The name of the project “Action Half Life” brings to mind a popular computer game, released in millions of copies on all continents. The personages here are the same teenager-models selected among 500 candidates. (It is worth noting that in contemporary Russia model agencies are regarded as a very prestigious form of education, capable of forming the proper social identity of a child, and they are very successful in competing with the traditionally popular Soviet-time ballet, art and musical schools, as well as with sportive and natural-science institutions). The backdrop here is the Sinai Desert, which reminds one of some “Star Wars” scenery. Like Adam and Eve in the Garden of Eden, the personages are represented in a state of being tempted, when terrible weapons of destruction are being handed over to them, while they are still ignorant of the existence of heaven and hell. This is why their eyes are usually looking in one direction, while their arms are pointed in another, – the “action” has not yet begun. Enticing kids into the world of computer games, the principle object of which is to destroy everything and everyone, we can only try to imagine the consequences.
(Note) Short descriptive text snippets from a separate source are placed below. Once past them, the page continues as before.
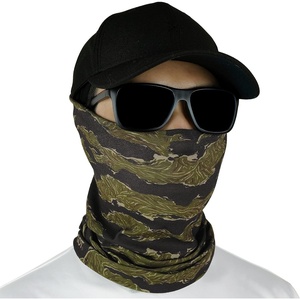 image:imageFishing Face Mask Neck Gaiter  UV Sun Protection Cover for Men WomenOlive Tiger Stripe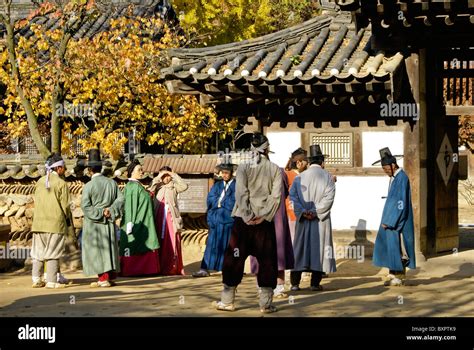 Actors making Joseon-Dynasty film, Korean Folk Village, South Korea Stock Photo - Alamy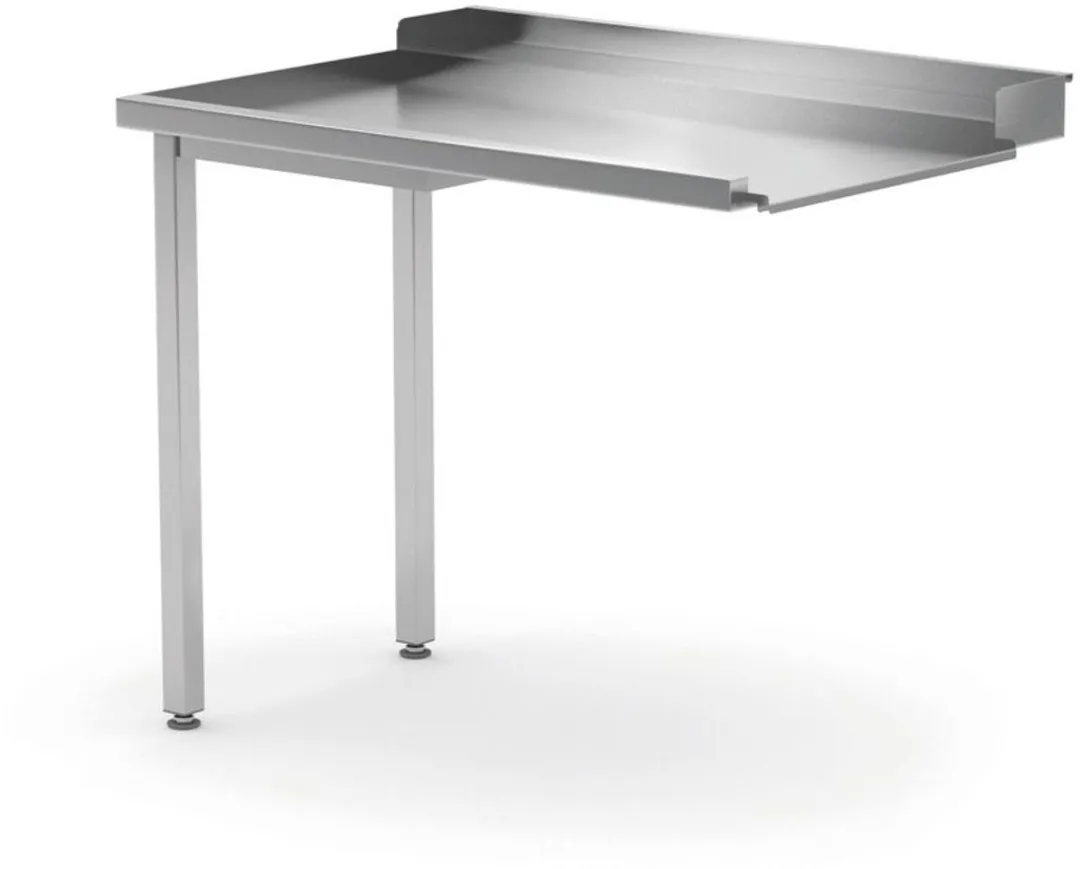 HENDI Uitlooptafel Vaatwasser - 1000x700x850mm - Roestvast Staal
The project “Last Riot” is another step in analyzing the phenomenon of the virtual word, the rapid expansion of which creates new illusions and eschatological prophecies. If “Action Half Life” represented arms in the hands of children, which were not yet in use, here the “action” itself begins. 3D animation, creating a sense of cyber-space, brought to life by the real and the media worlds of the 20th century, brings the viewer into a fantasy-landscape of a new paradise where time seems to stop running. Epochs of the past exist simultaneously with the future, and creation walks hand in hand with disintegration. The artists fill the landscape with glamorous androgynous teenagers, who start a riot-war against themselves. In this battle there is no difference between the victim and the violator, between the male and the female, between having an objective and acting without any meaning. The participants of the Last Riot live through the myths of all times and nations, mixed with the myths of contemporary mass culture, cliches and conventionalities of computer animation. Their somnambulistic dance-battle reminds one of the aesthetic of Caravaggio. Like the Flying Dutchman, doomed to eternal wandering, the heroes of the cyber-epic are destined to fight forever. This is a battle without blood and pain, a contact without a contact.
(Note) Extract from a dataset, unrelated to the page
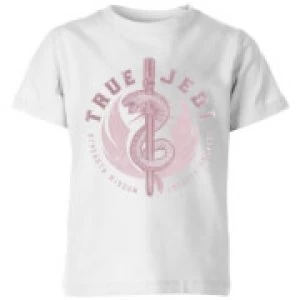 Image of Star Wars The Rise Of Skywalker True Jedi Kids T-Shirt - White - 9-10 Years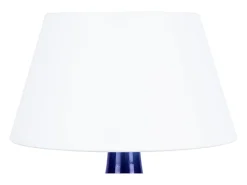 Lámpara de noche TOSEL ,vidrio,violeta ,A36xD30xP30cm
Each generation creates its own version of the apocalypse in music, painting and other art. The “Last Riot” is a post-apocalyptic vision, which comes to replace them.

Analyzing the contemporary world, turning to its mythology and to innovative techniques, the artists combine fashion-photography, advertising-media, popular mass and youth culture, Hollywood films and the classical aesthetic of old masters in order to create their own visual language, emphasizing the acute problems of 21st-century civilization, a universe of globalization where the virtual world is gradually overcoming the real one.